Sep 15, 2015 Düsseldorf / Germany
The future of washing
How does Henkel develop success innovations? Besides the central research laboratories and the various regional research and development centers around the world, Henkel relies on an “open innovation” approach – a cooperation with external partners and experts. The Technology Advisory Board of the Laundry & Home Care business unit and a collaboration with the Rheinish-Westphalian Technical University (RWTH) in Aachen, Germany, are two examples of this approach.
Integrating universities, research institutes, suppliers and customers is an important part of Henkel’s research and development strategy in order to bring innovations to the market that follow the current trends. That’s why the Laundry & Home Care business unit established a Technology Advisory Board in 2009 – a committee of eight internationally recognized top scientists from all disciplines relevant to Henkel’s research and development activities. Henkel works with these experts to research and evaluate scientific trends, and to assess future consumer needs and detergent and cleaning product requirements. Focus topics this year included encapsulation technologies, interactions of polymers and surfactants and the effect of olfactory receptors.
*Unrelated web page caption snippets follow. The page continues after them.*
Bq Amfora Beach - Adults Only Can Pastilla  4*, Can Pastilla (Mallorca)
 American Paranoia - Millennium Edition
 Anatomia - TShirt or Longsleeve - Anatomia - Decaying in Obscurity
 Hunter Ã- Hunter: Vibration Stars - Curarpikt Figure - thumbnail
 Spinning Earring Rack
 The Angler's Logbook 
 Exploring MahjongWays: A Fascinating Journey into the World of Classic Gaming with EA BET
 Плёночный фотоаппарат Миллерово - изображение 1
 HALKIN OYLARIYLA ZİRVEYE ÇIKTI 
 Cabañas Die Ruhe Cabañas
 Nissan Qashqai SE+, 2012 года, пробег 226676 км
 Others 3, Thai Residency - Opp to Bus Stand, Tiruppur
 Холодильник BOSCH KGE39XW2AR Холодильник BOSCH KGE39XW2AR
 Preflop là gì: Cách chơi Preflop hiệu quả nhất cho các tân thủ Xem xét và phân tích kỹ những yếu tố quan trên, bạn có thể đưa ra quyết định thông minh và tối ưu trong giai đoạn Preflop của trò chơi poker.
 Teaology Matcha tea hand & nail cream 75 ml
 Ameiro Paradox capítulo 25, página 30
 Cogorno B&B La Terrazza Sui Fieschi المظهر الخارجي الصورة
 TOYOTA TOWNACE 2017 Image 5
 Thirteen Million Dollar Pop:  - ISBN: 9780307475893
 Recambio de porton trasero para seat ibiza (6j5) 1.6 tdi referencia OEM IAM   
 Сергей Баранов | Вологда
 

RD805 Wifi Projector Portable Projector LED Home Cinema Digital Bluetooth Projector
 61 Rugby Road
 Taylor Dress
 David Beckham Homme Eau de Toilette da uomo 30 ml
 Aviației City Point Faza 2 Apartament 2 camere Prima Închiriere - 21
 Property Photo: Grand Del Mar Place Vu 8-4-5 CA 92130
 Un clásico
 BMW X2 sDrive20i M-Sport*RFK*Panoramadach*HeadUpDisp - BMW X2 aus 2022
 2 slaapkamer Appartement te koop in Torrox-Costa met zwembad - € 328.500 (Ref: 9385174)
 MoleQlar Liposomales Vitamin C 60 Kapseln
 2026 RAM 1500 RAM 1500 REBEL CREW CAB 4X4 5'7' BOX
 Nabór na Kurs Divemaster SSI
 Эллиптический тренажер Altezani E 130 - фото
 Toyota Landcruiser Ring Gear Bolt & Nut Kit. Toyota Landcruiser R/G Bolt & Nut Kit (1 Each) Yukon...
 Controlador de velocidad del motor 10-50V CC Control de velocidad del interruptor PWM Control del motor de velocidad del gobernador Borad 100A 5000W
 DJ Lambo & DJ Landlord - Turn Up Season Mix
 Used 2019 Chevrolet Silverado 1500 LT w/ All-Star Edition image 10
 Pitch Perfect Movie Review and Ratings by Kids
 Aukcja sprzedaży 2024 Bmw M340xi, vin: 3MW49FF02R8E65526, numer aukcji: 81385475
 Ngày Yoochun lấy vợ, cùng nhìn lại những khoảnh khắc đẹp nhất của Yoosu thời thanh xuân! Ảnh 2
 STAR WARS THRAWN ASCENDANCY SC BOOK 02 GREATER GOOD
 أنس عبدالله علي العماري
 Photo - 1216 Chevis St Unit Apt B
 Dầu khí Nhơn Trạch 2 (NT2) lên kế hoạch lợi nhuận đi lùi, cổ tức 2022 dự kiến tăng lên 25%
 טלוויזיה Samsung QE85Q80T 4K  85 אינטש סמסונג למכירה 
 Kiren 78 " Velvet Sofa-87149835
Another example of Henkel’s close cooperation with external research partners is the collaboration with RWTH in Aachen. The concept is called “Henkel Innovation Campus for Advanced Sustainable Technologies” (HICAST). In this innovation campus, the laundry and home-care products of the future are developed – products that contribute even more to saving resources and that are even more efficient. Henkel is investing several million euros in this interdisciplinary collaboration with four professors from the fields of chemistry and biotechnology. The scope is to investigate new and sustainable basic raw materials and develop completely new active substances. This includes new enzymes. Powerful enzymes boost the cleaning performance of laundry detergents, automatic dishwashing detergents, and, most recently, hand dishwashing liquids, particularly at low temperatures. Often, they can reduce the need for classic ingredients, such as surfactants. This makes it possible to achieve significant cuts in energy and resource use.